The works of Ernest Hemingway have a long and varied publication history. Some have disappeared, like the stolen early stories that his first wife mislaid; others are ignored, like his first novel, The Torrents of Spring (1926), and his only play, The Fifth Column (1938). Several novels and dozens of short stories are considered classics—and though Hemingway died in 1961, works bearing his name have appeared as recently as 1999.
Only 300 copies of Hemingway's first book, Three Stories and Ten Poems (1923), were printed in Paris. The short story collection In Our Time (1925) cemented Hemingway's reputation as one of the finest American writers alive.
F. Scott Fitzgerald convinced Hemingway that he should dump his current publisher and sign with Scribner, where Maxwell Perkins (who also worked with Fitzgerald and Thomas Wolfe) would serve as his editor. In order to do so, Hemingway needed to write an "unpublishable" book to break his three-book contract.
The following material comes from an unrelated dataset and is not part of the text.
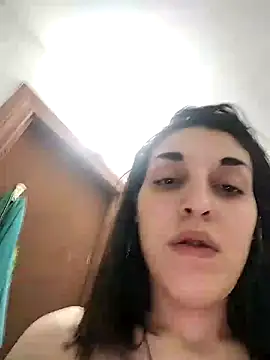 Snapshot of Rosanna_Rennie chatting on January 14, 2025, 5:56 pm Rosanna Rennie online show from January 14, 2025, 5:56 pm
So, he wrote The Torrents of Spring (1926) in ten days; it arrived in the same year as his classic The Sun Also Rises.
In 1929, A Farewell to Arms became Hemingway's first bestseller, selling 100,000 copies in twelve months. It was adapted for the stage a year later and has been made into a film twice. The same year that he divorced his first wife, he published more stories in Men Without Women (1927). The bullfighting memoir Death in the Afternoon (1932) was followed by the safari hunting memoir Green Hills of Africa (1935).
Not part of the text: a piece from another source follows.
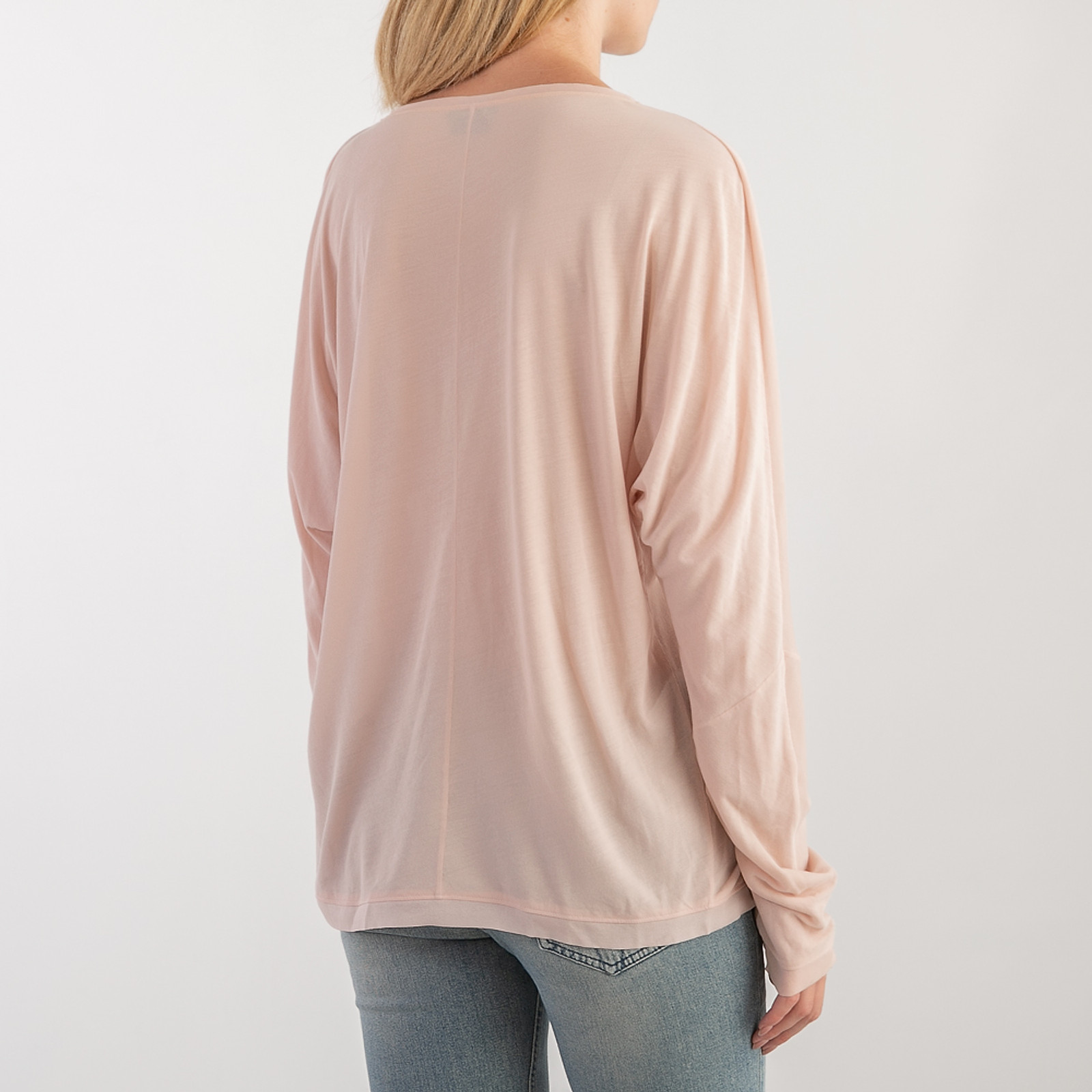 Лонгслив бежевого цвета Tom Ford - фото из каталога магазина брендовой одежды Second Friend Store Лонгслив Tom Ford - купить оригинал в секонд-хенде SFS - 2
By now, Hemingway had established a pattern—each mediocre book was followed by a masterpiece. His novel To Have and Have Not (1937) is as neglected today as For Whom the Bell Tolls (1940) is celebrated. Across the River and Into the Trees (1950) had critics calling him a has-been—a charge they had to retract when The Old Man and the Sea (1952) won the Pulitzer Prize.
After his death, Hemingway's unfinished manuscripts continued to appear for many years—most notably the Paris memoir A Moveable Feast (1964), and the two novels Islands in the Stream (1970) and The Garden of Eden (1986). His Selected Letters appeared in 1981, followed by the Complete Short Stories in 1987; while True at First Light, billed as Hemingway's last posthumous work, was edited by his son Patrick and released to commemorate his 100th birthday in 1999.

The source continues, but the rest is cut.